Evans refers to the model as a “digital double” of the scientific system, which allows simulation of what is likely to happen in it, and experimentation of alternative possibilities. He explains how this highlights the ways in which scientists hew close to the methods, properties, and people with which they have experience.
“It allows us to also learn things about that system and its limits,” he says. “For example, on average, it suggests that some aspects of our current scientific system, like graduate education, are not tuned for discovery. They're tuned for giving people a label that helps them get a job — for filling the labor market. They do not optimize discovery of new, technologically relevant things.
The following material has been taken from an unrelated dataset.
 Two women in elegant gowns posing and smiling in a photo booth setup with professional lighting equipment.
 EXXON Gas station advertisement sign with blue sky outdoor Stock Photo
To do that, each student would be an experiment — crossing novel gaps in the landscape of expertise.”
In the paper’s second demonstration, they asked the A.I. model not to make the predictions most likely to be discovered by people, but to find predictions that are scientifically plausible, but least likely to be discovered by people.
The researchers treated these as so-called alien or complementary inferences, which had three features: They’re rarely discovered by humans; if discovered, it won’t be for many years into the future when scientific systems reorganize themselves; and the alien inferences are, on average, better than human inferences, likely because humans will focus on squeezing every ounce of discovery from an existing theory or approach before exploring a new one. Because these models avoid connections and configurations of human scientific activity, they explore entirely new territory.
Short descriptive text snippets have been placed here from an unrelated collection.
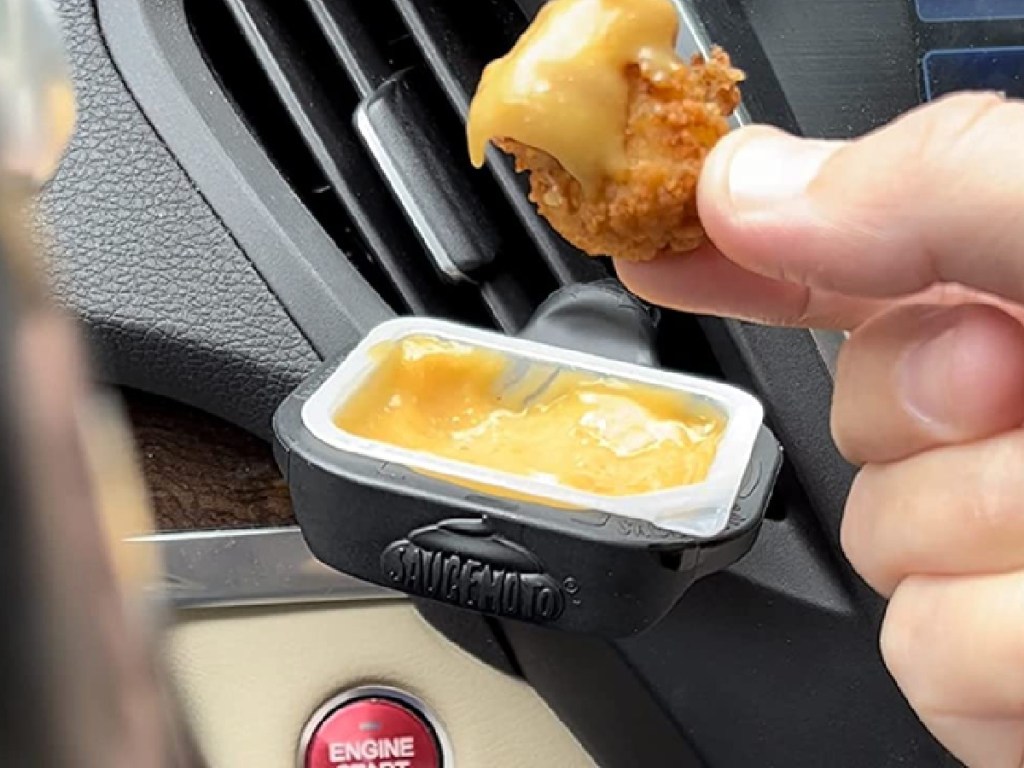 person dipping chicken nugget into sauce in container in car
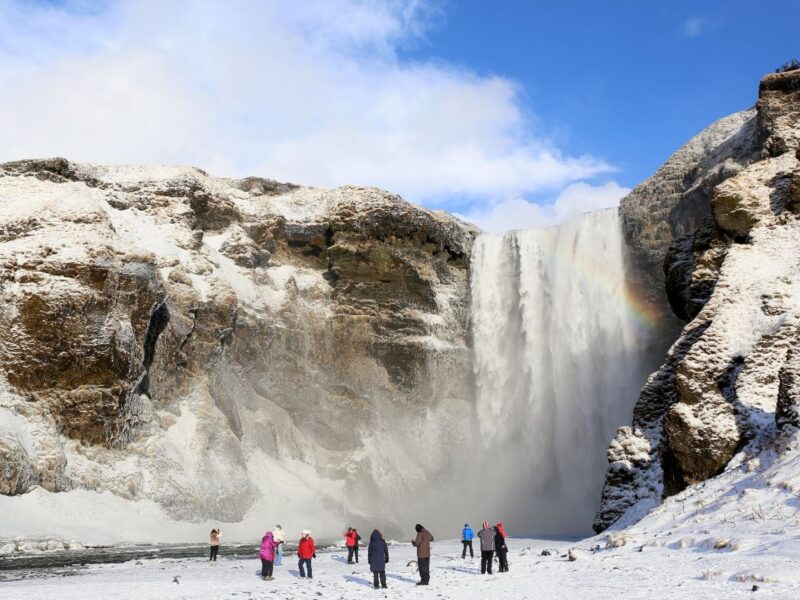 Iceland travel in a group waterfall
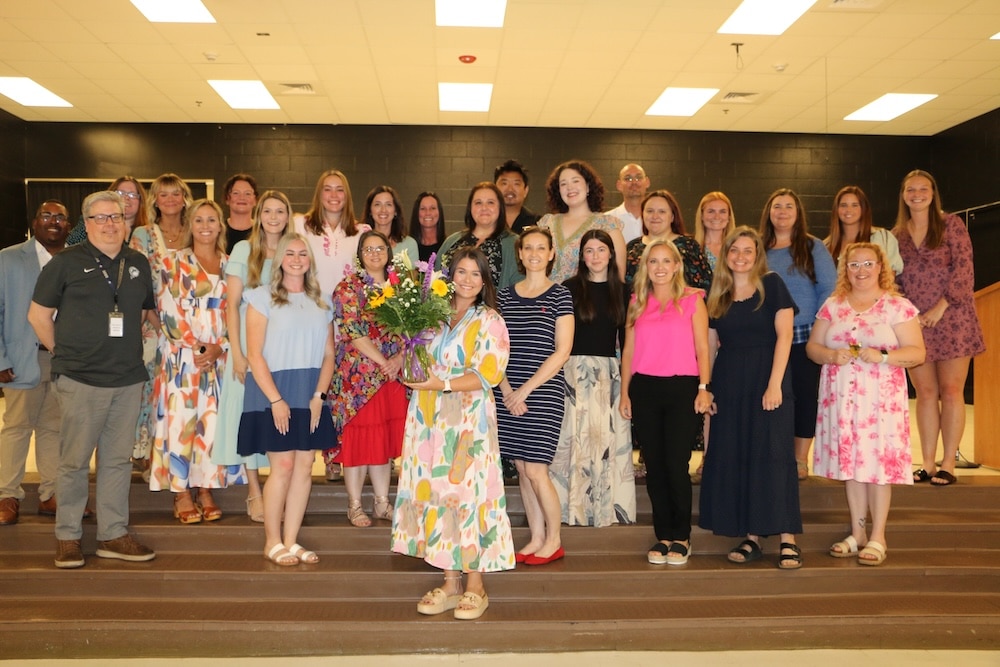 Group of about 25 people posing on indoor venue steps, with a woman in a colorful dress at the center holding a bouquet of flowers while others smile around her.
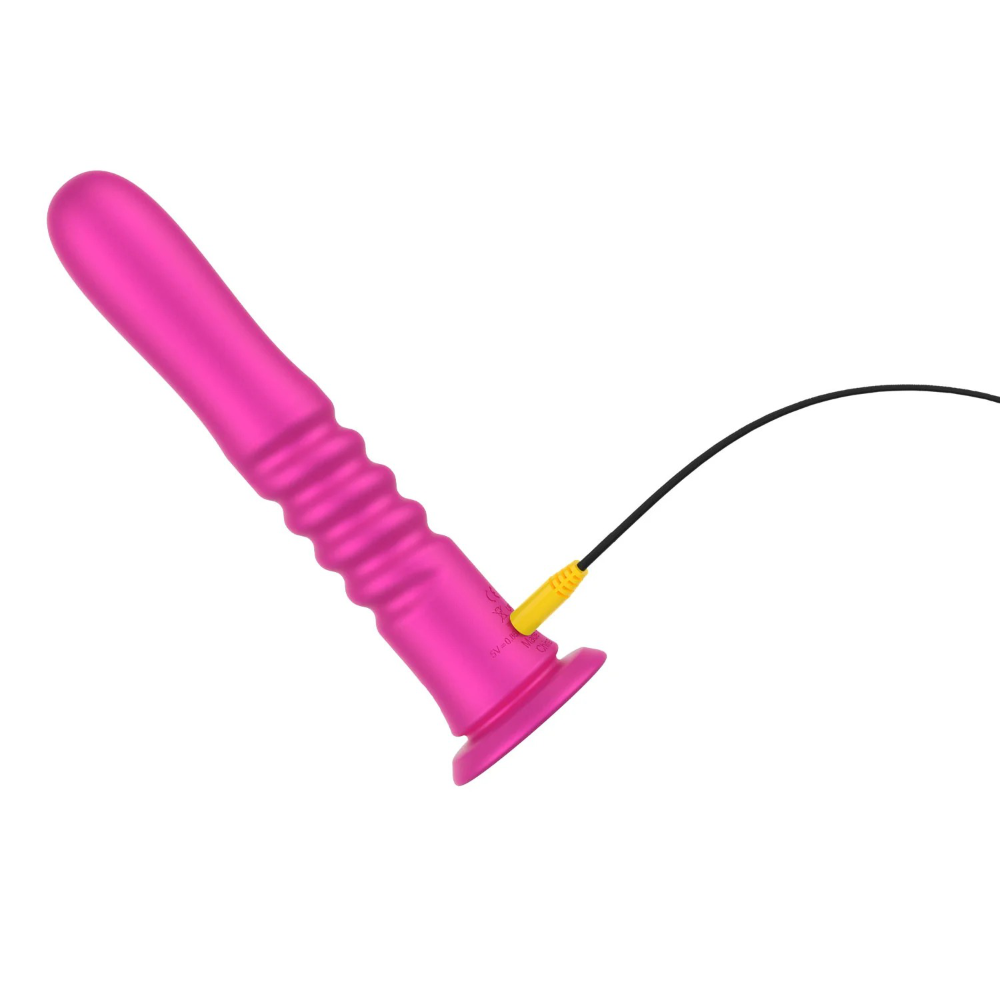 Thrusting dildo connected to charging cable showing power port placement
Radically augmented intelligence
Evans explains that looking at A.I. as an attempt to copy human capacity — building on Alan Turing’s idea of the imitation game where humans are the standards of intelligence — does not help scientists accelerate their ability to solve problems. We're much more likely to benefit from a radical augmentation of our collective intelligence, he says, rather than an artificial replication.
“People in these domains — science, technology, culture — they're trying to stay close to the pack,” Evans said. “You survive by having influence when others use your ideas or technology. And you maximize this by staying close to the pack. Our models complement that bias by creating algorithms that follow signals of scientific plausibility, but exclusively avoid the pack.”
Using A.I. to move outside existing methods and collaborations, rather than reflecting what human scientists are likely to think in the near future, expands human capacity and supports improved exploration.
“It's about changing the framing of A.I. from artificial intelligence to radically augmented intelligence, which requires studying more, not less, about individual and collective cognitive capacity,” Evans said. “When we understand more about human understanding, we can explicitly design systems that compensate for its limitations and lead to us to collectively know more.”